Oireachtas Joint and Select Committees
Wednesday, 19 October 2022
Joint Oireachtas Committee on Agriculture, Food and the Marine
EU Nature Restoration Target and General Scheme of the Veterinary Medicinal Products, Medicated Feed and Fertilisers Regulation Bill 2022: Discussion (Resumed)
Mr. Dermot Kelleher:
Many of our members are upset and angry about this proposal. It seems we are being told not to worry any more about generations of work. Some of this land has been improved by maybe three or four generations and it is good agricultural fertile land today. People's fathers and grandfathers worked the land to improve it.
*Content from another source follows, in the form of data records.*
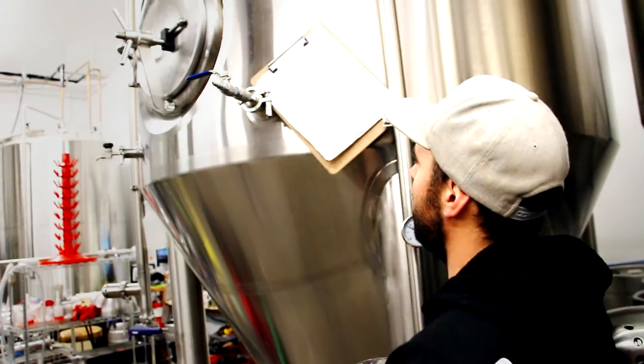You can see we've got our brew sheet right here. We use Beersmith — it works.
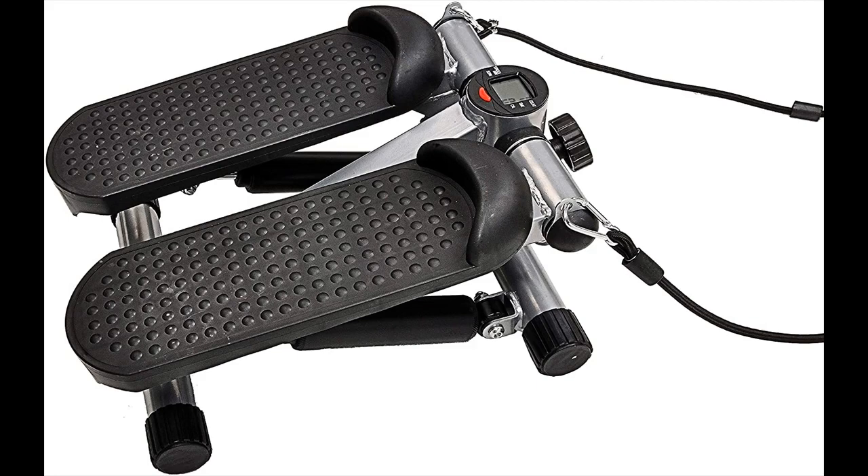The anti-slip foot plates are to keep your feet comfortably and firmly planted in place throughout your workout.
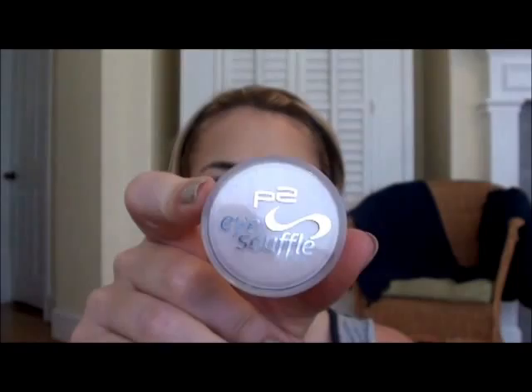Some of these are available in the United States. One of them is not, but to be fair this was sent to me at least a year ago by a viewer. It's from the P2 line — it's called their eye soufflé. This one is in Dreamy Cream. If you live in Germany you can get this; if you don't, you cannot.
It is shocking that 350,000 ha will be defined as in bad condition in Ireland. The regulation wants to go back 70 years. How can this be achieved without cutting food production and food security? Is that to be cut back?
The ICSA is alarmed that no engagement with the Minister for the Environment, Climate and Communications has taken place. There has been some discussion about the biodiversity strategy but none about this regulation on nature restoration. How can the Minister for the Environment, Climate and Communications go gung-ho to Europe and support this? I would like him to study the film "The Field" and Bull McCabe for his homework because that is not a fairly tale. That is how strongly people feel about land they have reclaimed and improved over the years. He ought to go and watch that film a few times so he can realise this is how strongly people feel.
Furthermore, the ICSA is concerned that government representative groups are totally left out of the access to justice. Where is the access to justice for farmers whose land will be taken away and restored or rewetted? We should all be asked whether the Government is acting in the best interests of the Exchequer in agreeing to a clause that will tie the State up in legal actions for years to come. It can fund all these NGOs and do all these things but it will tie up the Government for years in litigation. In particular Article 16 will have to be refused or shot down in its current form. Ireland needs to put up a big battle against this. As my colleague said, we cannot take out arable land equivalent in size to Tipperary and turn it back into a bog or bad land. That is land that has been improved over the past 70 or 80 years by generations of people. People who do not realise the implication of what they are doing are making regulations. I saw big drains being closed by flagstones. That land was first improved by the current farmers' grandfathers many generations ago and now all that work is useless. People cannot stand for this. This will cause mayhem. I will pass over to my colleague Mr. Punch who is better at technicalities than I am.